The work of the Benedictines not only followed religious and charitable commitments, but scientific undertakings, too. The monastery’s first collection of books was probably created at its foundation and used exclusively by the monks, who followed the strict Benedictine rule also through the study of literature and science.
They established relations with the city’s cultural institutions, opening to and acquiring from it important collections over the centuries.
There were around 24 thousand volumes of rare, ancient and modern manuscripts and parchments; this cultural wealth meant that the monks were great connoisseurs and disseminators of ancient knowledge, focused, at the same time, on the future.
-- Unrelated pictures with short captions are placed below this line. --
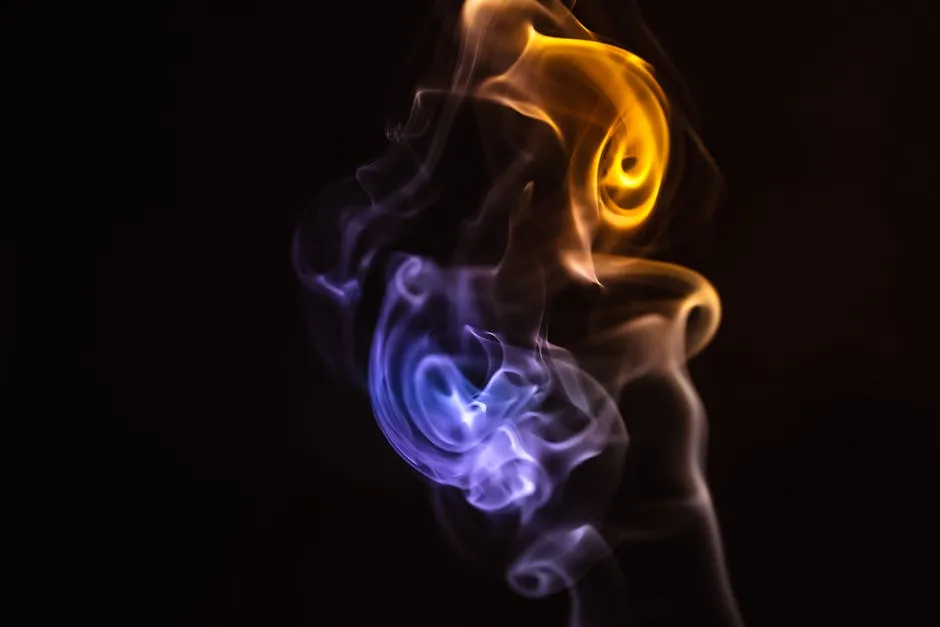 Mesmerizing photograph of orange and blue smoke twists against a black backdrop.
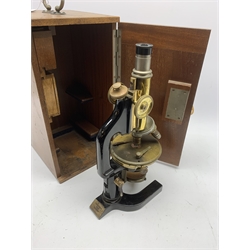  Reichert Wien Late 19th century brass and black japanned monocular microscope stamped C.Reichert Wien, No.48054, coarse and fine adjust, circular stage on horseshoe base, with three ocular and five objective lenses, in fitted mahogany case   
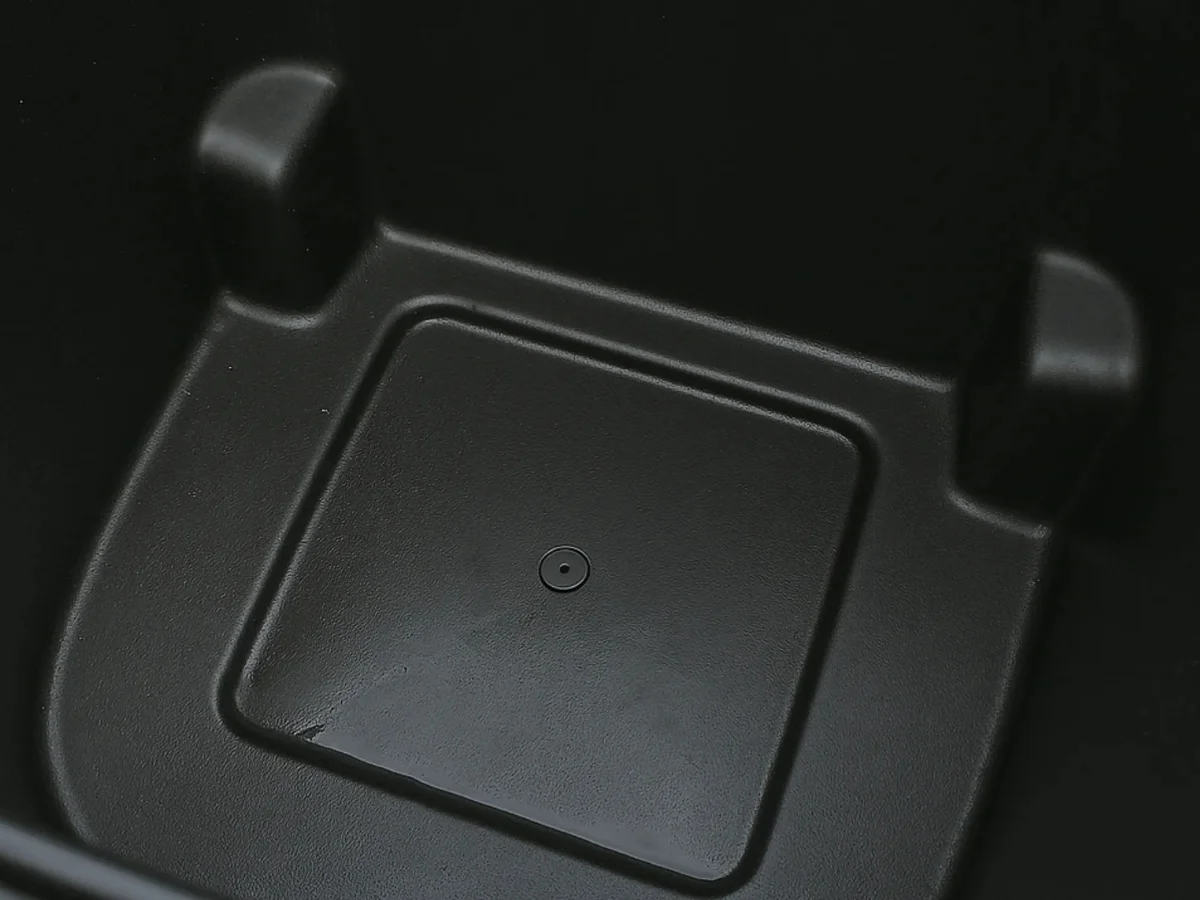 Close-up of the textured, dark gray interior of a plastic storage box with a small circular indentation.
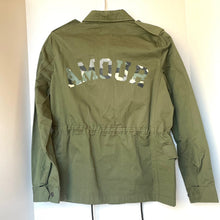 Load image into Gallery viewer, Green jacket with 'AMOUR' text on the back against a white background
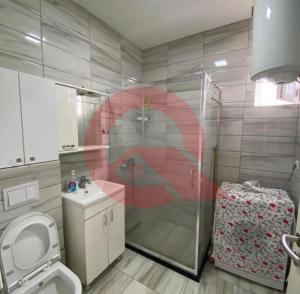 Phòng tắm tại Cozzy Apartment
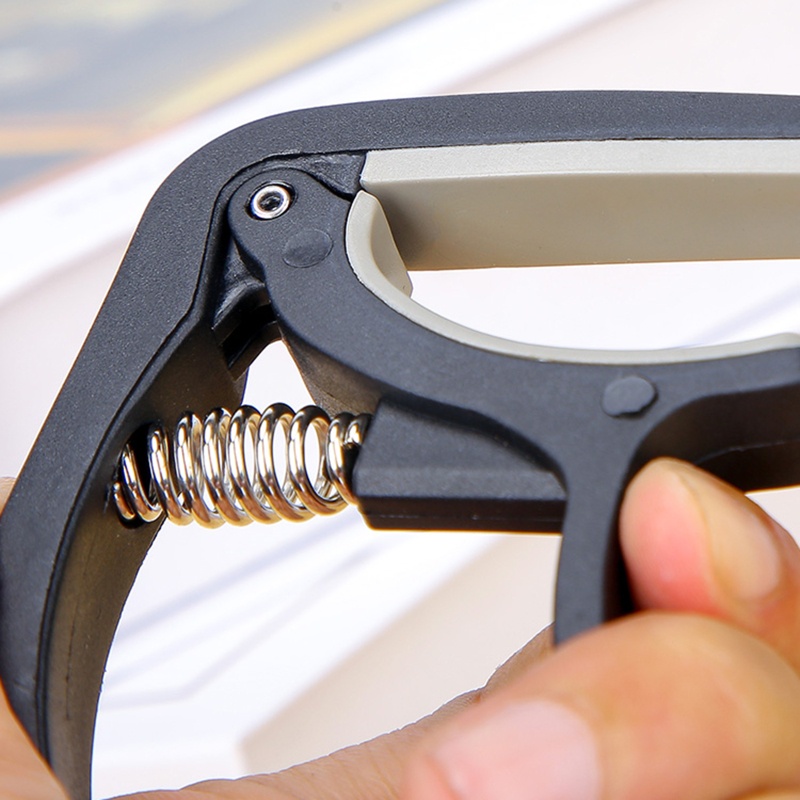 Capo 4 Dây Đàn Guitar 6 Dây Bằng Nhựa Nylon Và Silicone Tiện Dụng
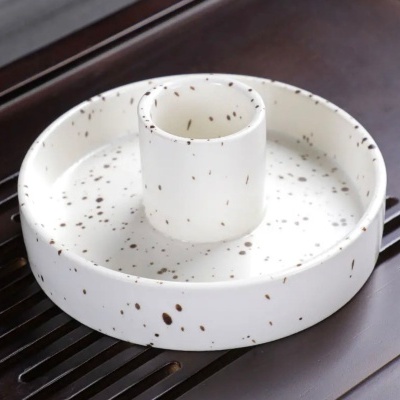 Suporte de cerâmica branco com manchas castanhas e suporte cilíndrico central sobre superfície de madeira escura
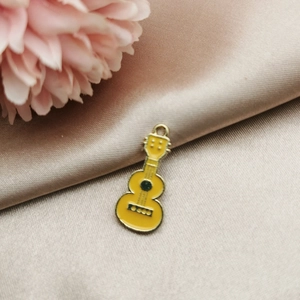 Detailed macro view of yellow guitar enamel pendant with gold trim on satin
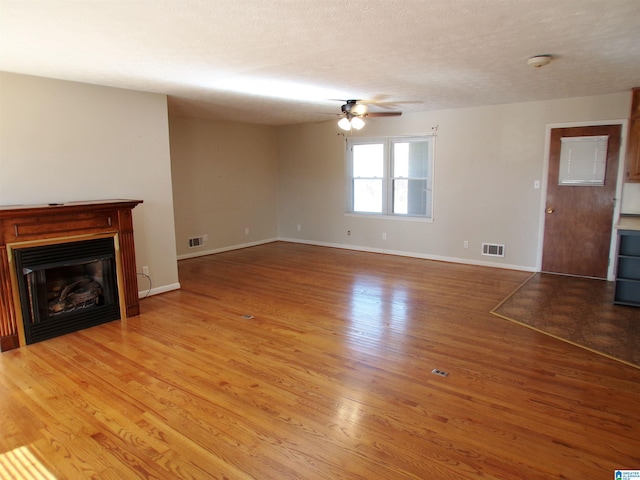 unfurnished living room with ceiling fan, hardwood / wood-style floors, and a textured ceiling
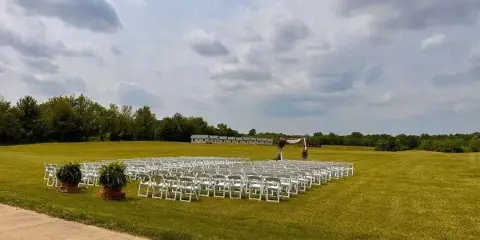 Outdoor wedding ceremony setup with white chairs and an arch on a grassy field.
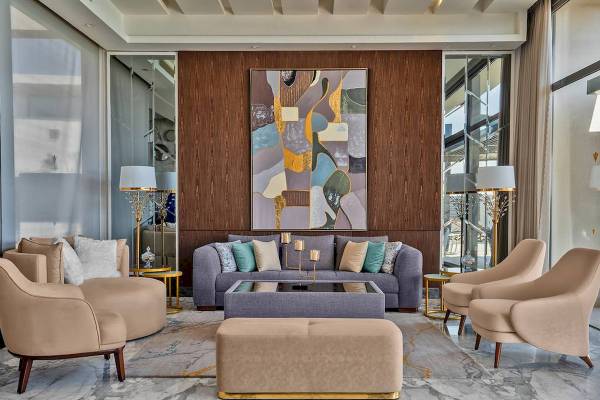 Hotel-Lounge-Bereich mit Sofa, Stühlen, Couchtisch und Gemälde an der Wand.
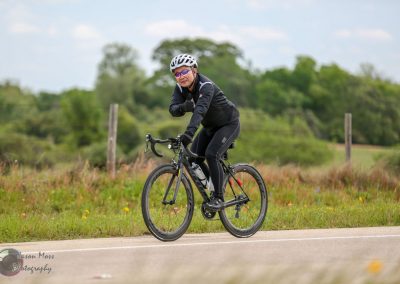National park scenic view with a cyclist riding a road bike on a sunny day, promote Texas bike tours and outdoor recreation.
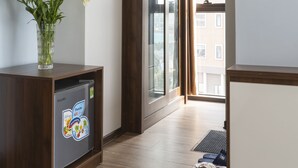 A hotel room with a wooden floor, a refrigerator with a children's meal sticker, a vase with flowers, and a view of a building through a glass door. - Hello Hotel (Vo Cuong)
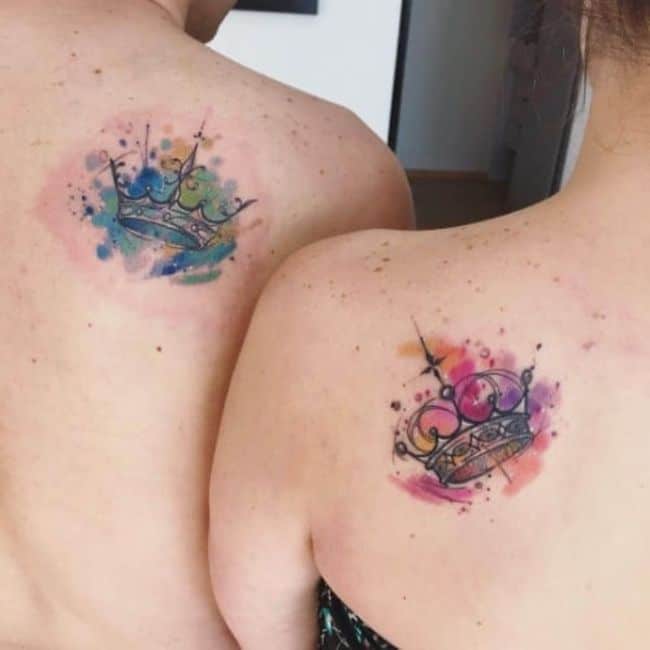Watercolor king and queen tattoos on the back.
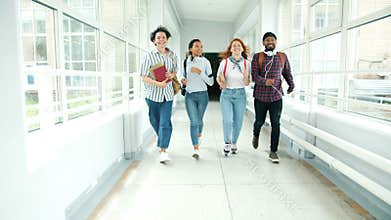 Slow motion of students running in college hall doing high-five jumping laughing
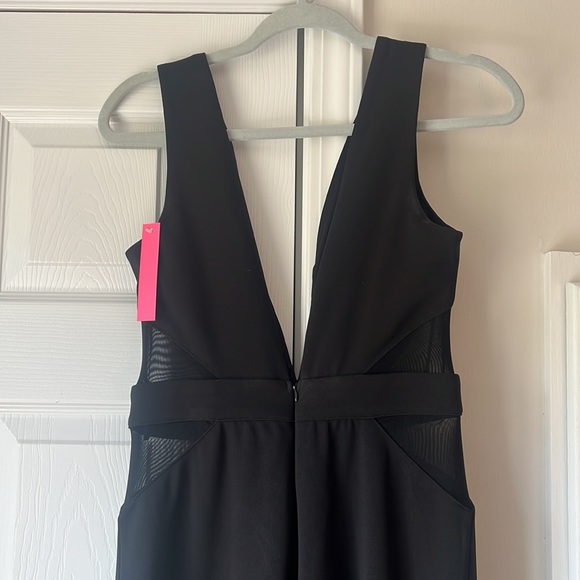 NWT - Vici Dolls Black Jumpsuit with Mesh Sides Flared Legs - Size L runs small - Picture 4 of 4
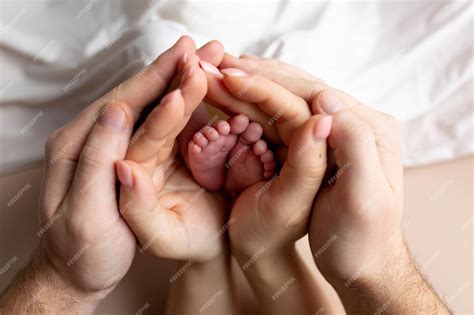 Hände von Eltern und Kindern. Beine eines Neugeborenen in den Händen ...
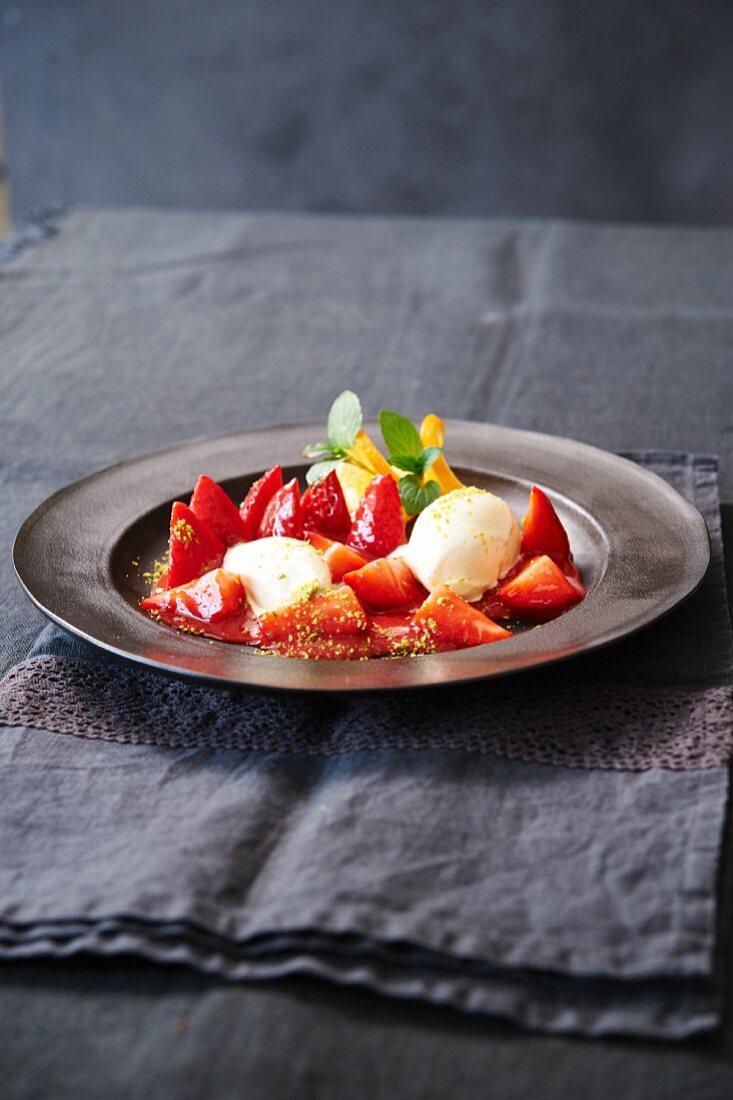 Strawberries romanoff with vanilla ice cream
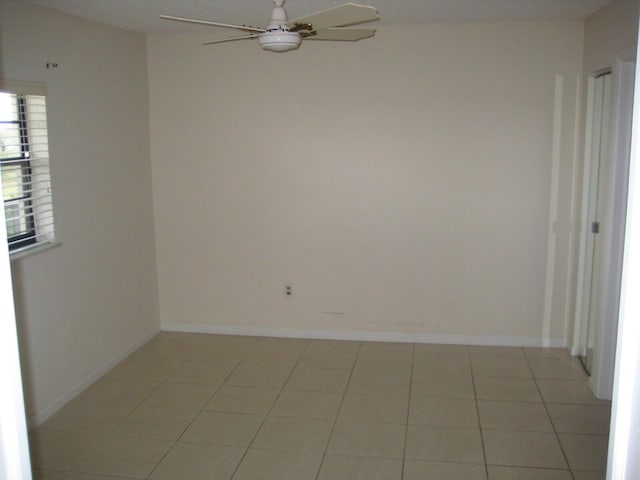 empty room with light tile patterned floors, baseboards, and a ceiling fan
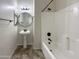 Well-lit bathroom with a tub/shower combo, pedestal sink, and neutral tile flooring at 6202 E Mckellips Rd # 227, Mesa, AZ 85215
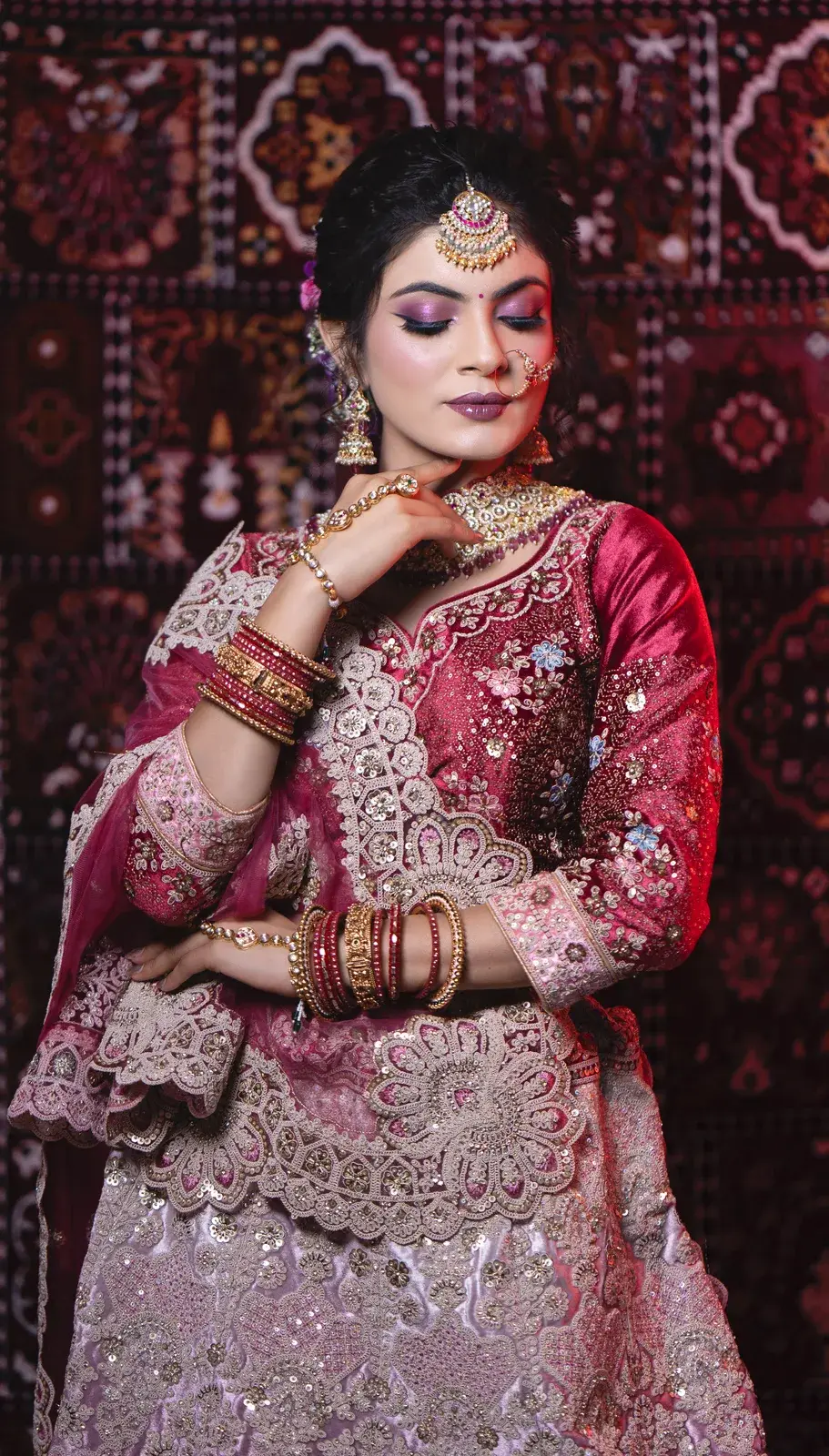 Bride in magenta in front of a patterned carpet backdrop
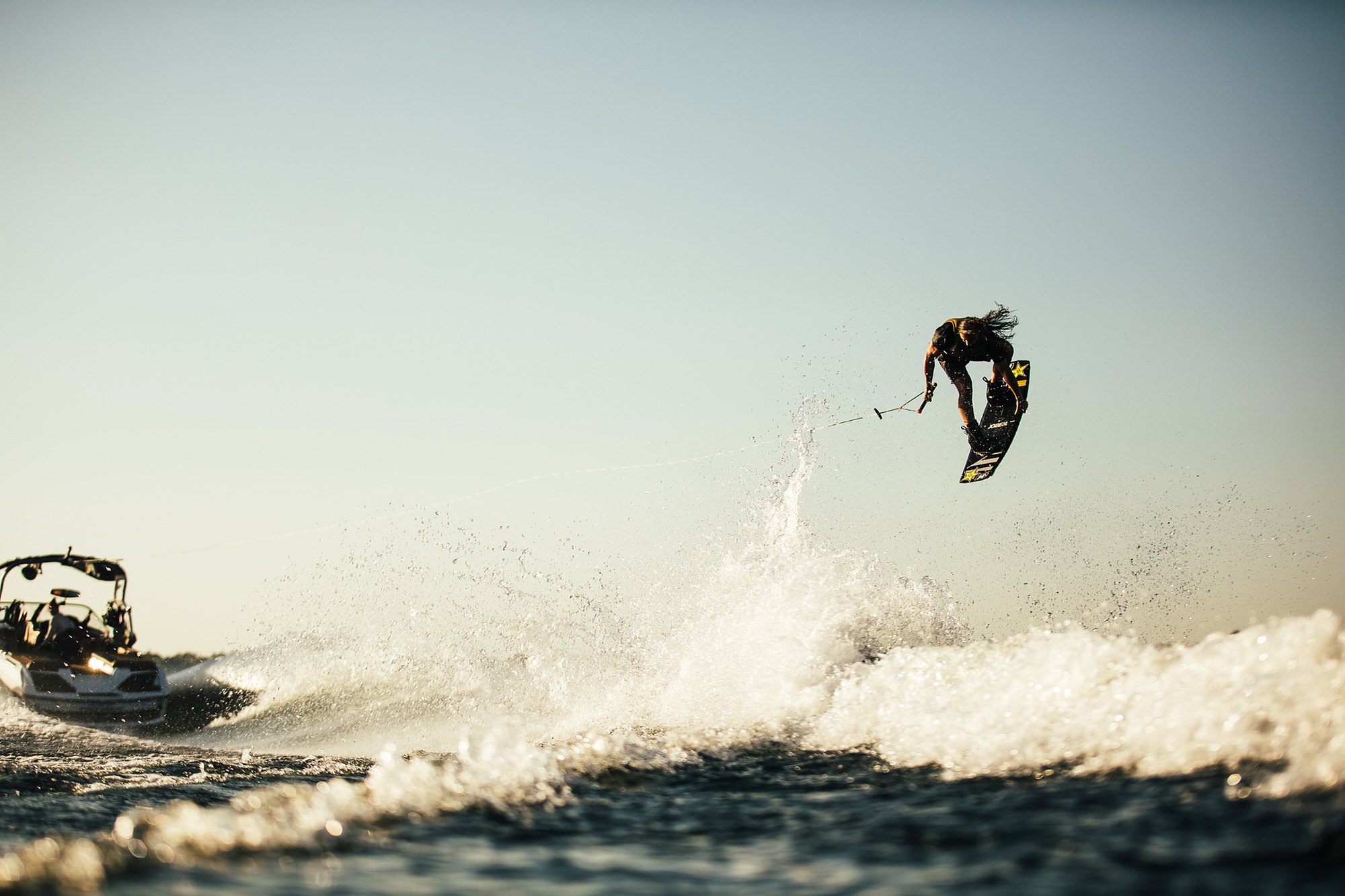 Jobe rider launching a wakeboard trick behind a boat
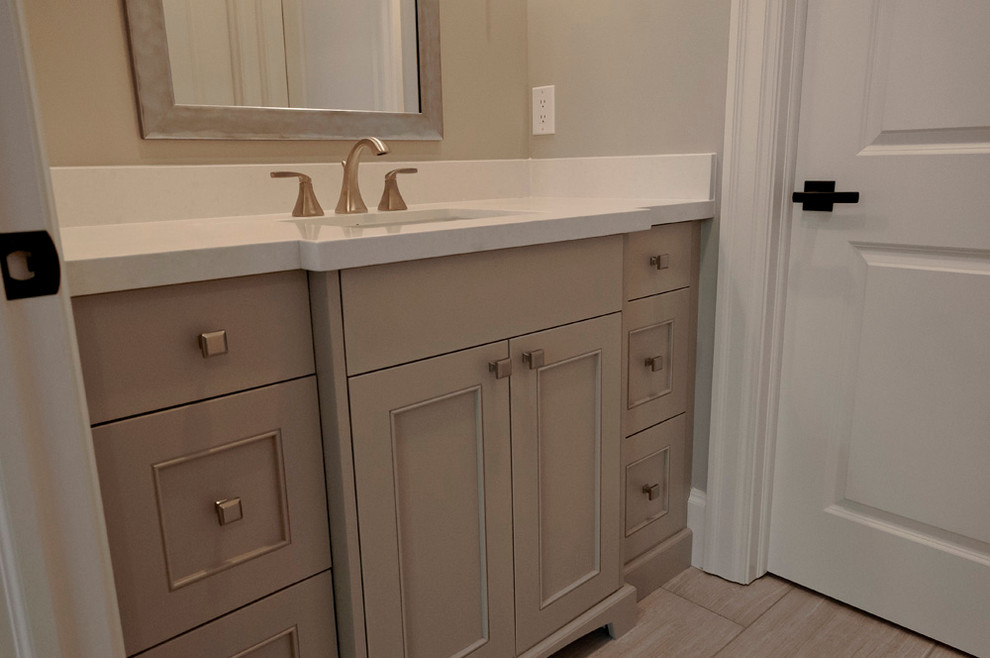 This is an example of a mid-sized transitional 3/4 bathroom in Salt Lake City with shaker cabinets, grey cabinets, grey walls, porcelain floors, an undermount sink, engineered quartz benchtops, grey floor and white benchtops.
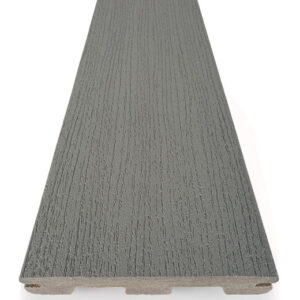 Single grooved-edge board of TimberTech Prime Maritime Gray composite decking shown against a white background. The board has a cool-toned medium gray surface with low-contrast streaking and a fine wood grain texture. Designed for durability and moisture resistance, this capped board features clean, straight edges and a natural finish that mimics brushed wood.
After the eruption of 1669 and the earthquake of 1693 the monastery suffered great losses, but the monks managed to save part of the collection, which they looked after until the library was rebuilt. Located in most of the 18th-century wing, the construction of the new main hall of the library was entrusted to Giovanni Battista Vaccarini , who designed it with typical late Baroque features.
In fact, the monumental hall with a central elliptical plan is an authoritative room almost completely covered by orderly wooden bookshelves that reach the decorated vault, occupying the spaces up to the circular windows that illuminate the vast room from above.
In addition, the monastery had five other sumptuous rooms used for the Benedictine Museum , designed to closely match the library.
Today the former museum rooms are home to the library’s consultation and reading rooms.